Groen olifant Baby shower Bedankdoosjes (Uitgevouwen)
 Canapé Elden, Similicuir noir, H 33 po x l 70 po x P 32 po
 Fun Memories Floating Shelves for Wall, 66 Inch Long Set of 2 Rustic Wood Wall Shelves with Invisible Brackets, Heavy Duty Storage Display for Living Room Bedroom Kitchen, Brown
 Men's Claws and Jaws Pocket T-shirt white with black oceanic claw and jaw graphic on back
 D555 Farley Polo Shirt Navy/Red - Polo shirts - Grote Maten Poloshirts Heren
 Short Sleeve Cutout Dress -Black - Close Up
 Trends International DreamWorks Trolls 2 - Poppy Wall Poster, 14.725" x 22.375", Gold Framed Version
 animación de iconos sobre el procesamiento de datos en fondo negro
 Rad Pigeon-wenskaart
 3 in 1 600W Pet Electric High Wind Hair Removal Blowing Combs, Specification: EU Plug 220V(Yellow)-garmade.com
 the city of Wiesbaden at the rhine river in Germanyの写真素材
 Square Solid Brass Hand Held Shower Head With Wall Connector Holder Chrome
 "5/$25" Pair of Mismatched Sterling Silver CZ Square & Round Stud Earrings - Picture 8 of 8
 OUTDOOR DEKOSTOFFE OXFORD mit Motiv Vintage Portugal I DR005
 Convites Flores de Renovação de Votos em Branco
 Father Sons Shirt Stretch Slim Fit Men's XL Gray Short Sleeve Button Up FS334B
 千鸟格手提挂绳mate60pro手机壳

Problem to solve: Write the records out once more. Change nothing.

Answer to the problem:
Groen olifant Baby shower Bedankdoosjes (Uitgevouwen)
 Canapé Elden, Similicuir noir, H 33 po x l 70 po x P 32 po
 Fun Memories Floating Shelves for Wall, 66 Inch Long Set of 2 Rustic Wood Wall Shelves with Invisible Brackets, Heavy Duty Storage Display for Living Room Bedroom Kitchen, Brown
 Men's Claws and Jaws Pocket T-shirt white with black oceanic claw and jaw graphic on back
 D555 Farley Polo Shirt Navy/Red - Polo shirts - Grote Maten Poloshirts Heren
 Short Sleeve Cutout Dress -Black - Close Up
 Trends International DreamWorks Trolls 2 - Poppy Wall Poster, 14.725" x 22.375", Gold Framed Version
 animación de iconos sobre el procesamiento de datos en fondo negro
 Rad Pigeon-wenskaart
 3 in 1 600W Pet Electric High Wind Hair Removal Blowing Combs, Specification: EU Plug 220V(Yellow)-garmade.com
 the city of Wiesbaden at the rhine river in Germanyの写真素材
 Square Solid Brass Hand Held Shower Head With Wall Connector Holder Chrome
 "5/$25" Pair of Mismatched Sterling Silver CZ Square & Round Stud Earrings - Picture 8 of 8
 OUTDOOR DEKOSTOFFE OXFORD mit Motiv Vintage Portugal I DR005
 Convites Flores de Renovação de Votos em Branco
 Father Sons Shirt Stretch Slim Fit Men's XL Gray Short Sleeve Button Up FS334B
 千鸟格手提挂绳mate60pro手机壳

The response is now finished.